Adoption is not gated on consensus. Each side accrues value the moment it ships.

The asymmetry does not fix the median case. Most generic agent frameworks — LangChain, LlamaIndex, Cursor's MCP client, the long tail — will not pick this up until a regulator mandates it, a procurement contract requires it, or a default lands in a major SDK. That is fine. The asymmetry says you do not have to wait.

Ship this week

Two reader groups, two concrete moves.

01If you operate a regulated MCP server

npm install @kya-os/mcp

Wrap your server, then publish your DID document at a stable URL (did:web resolves to https://your-host/.well-known/did.json) and configure a nonce store and key-rotation policy you can defend to your auditor:

const server = withKyaOs(myMcpServer, { signer, did });

Open MCP Inspector against the wrapped server and confirm _meta.proof appears on every tools/call response.
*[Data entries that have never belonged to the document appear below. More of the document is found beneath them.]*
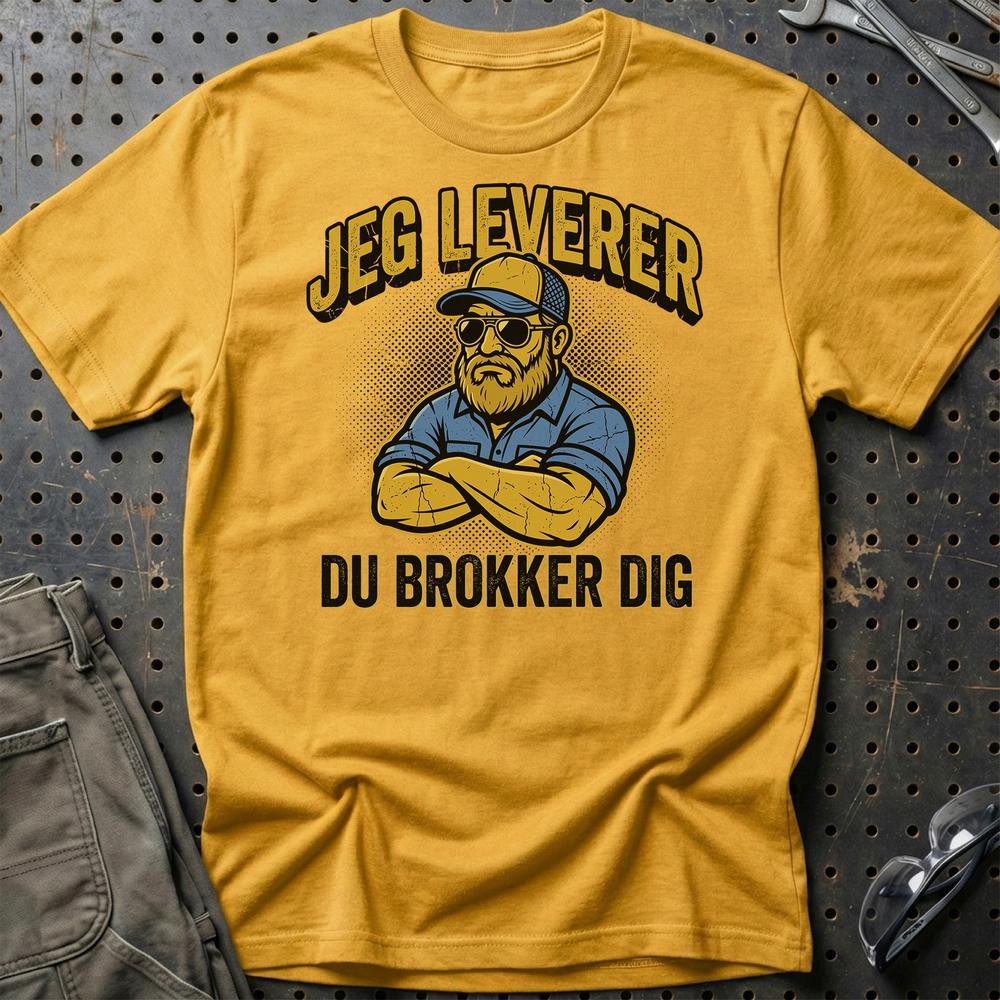 Lastbilchauffør Jeg Leverer, Du Brokker Dig - Unisex T-Shirt , Bomuld-Beklædning-Garage Culture-Guld-S-Garage Culture Shop- garage - man cave - merchandise
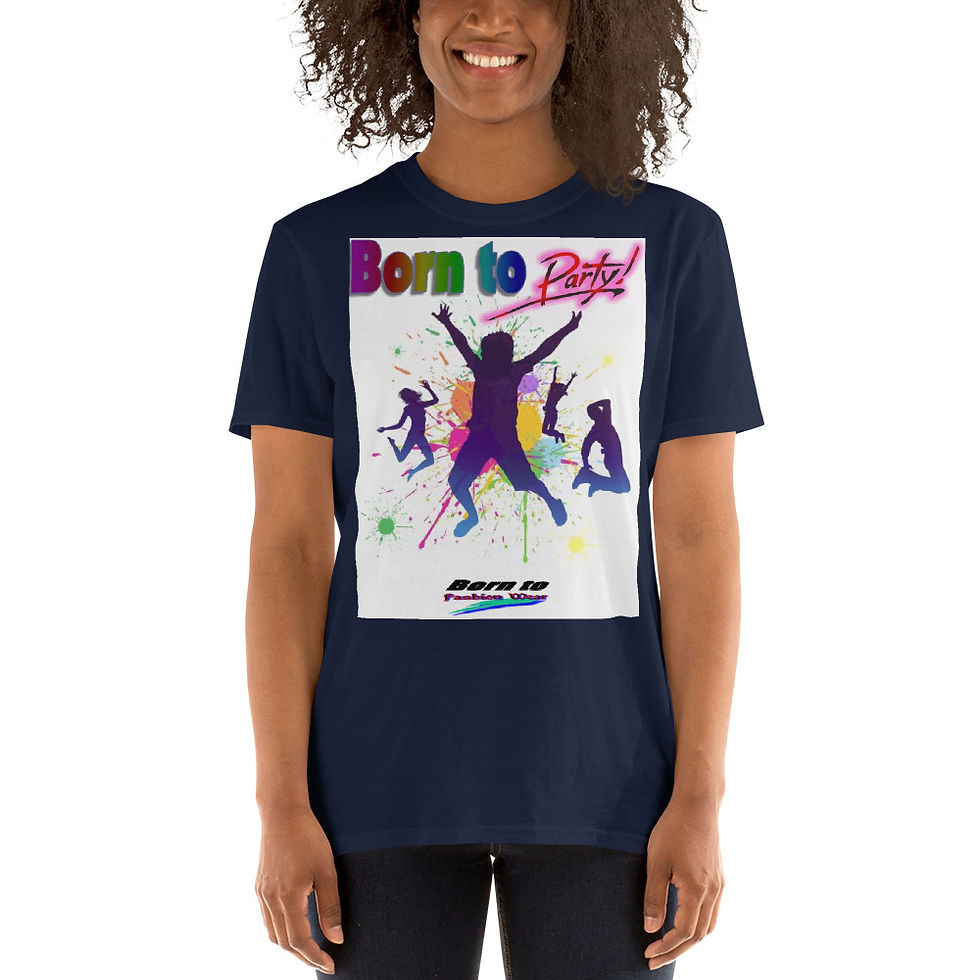 Thumbnail: Born to party1 Short-Sleeve Unisex T-Shirt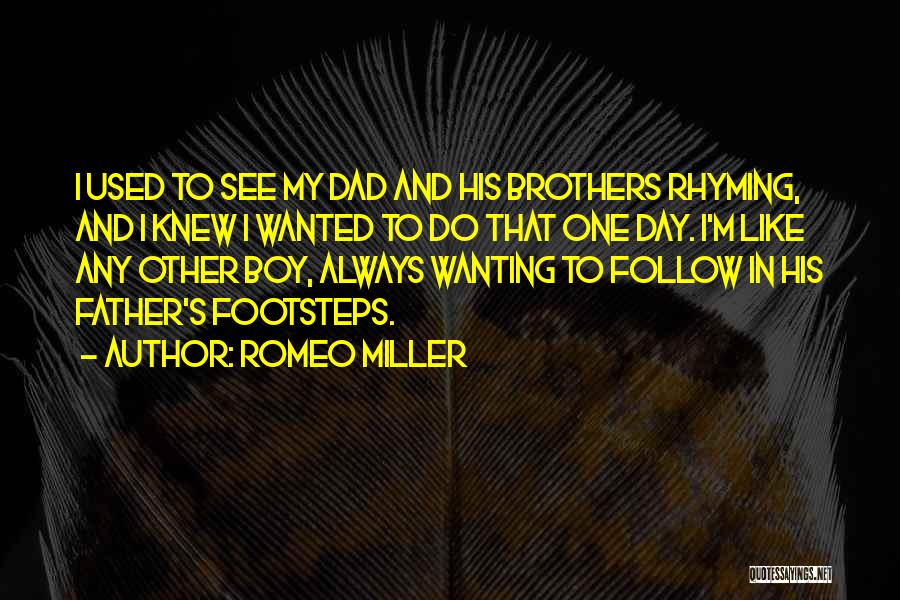 Romeo Miller Quotes: I Used To See My Dad And His Brothers Rhyming, And I Knew I Wanted To Do That One Day.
The signing path itself is cheap — a day's work; the project is the operational chrome around it (key rotation, nonce store, attestation runbook the auditor signs off on). What you ship is a tamper-evident-by-construction audit trail in a JOSE format every standards-aware regulator will recognize.

02If you ship a client into a regulated vertical

npm install @kya-os/mcp

Call verify on every response from a server that emits receipts:

const verdict = await verify(response.result._meta.proof, {
  expectedAudience,
  expectedRequest,
  expectedResult,
});

Persist the verdict and the receipt alongside your existing logs — the receipt is the artifact your auditor will want, not the log line. You now retain portable evidence the server cannot disown.

Each move makes the next one cheaper. Neither requires the other.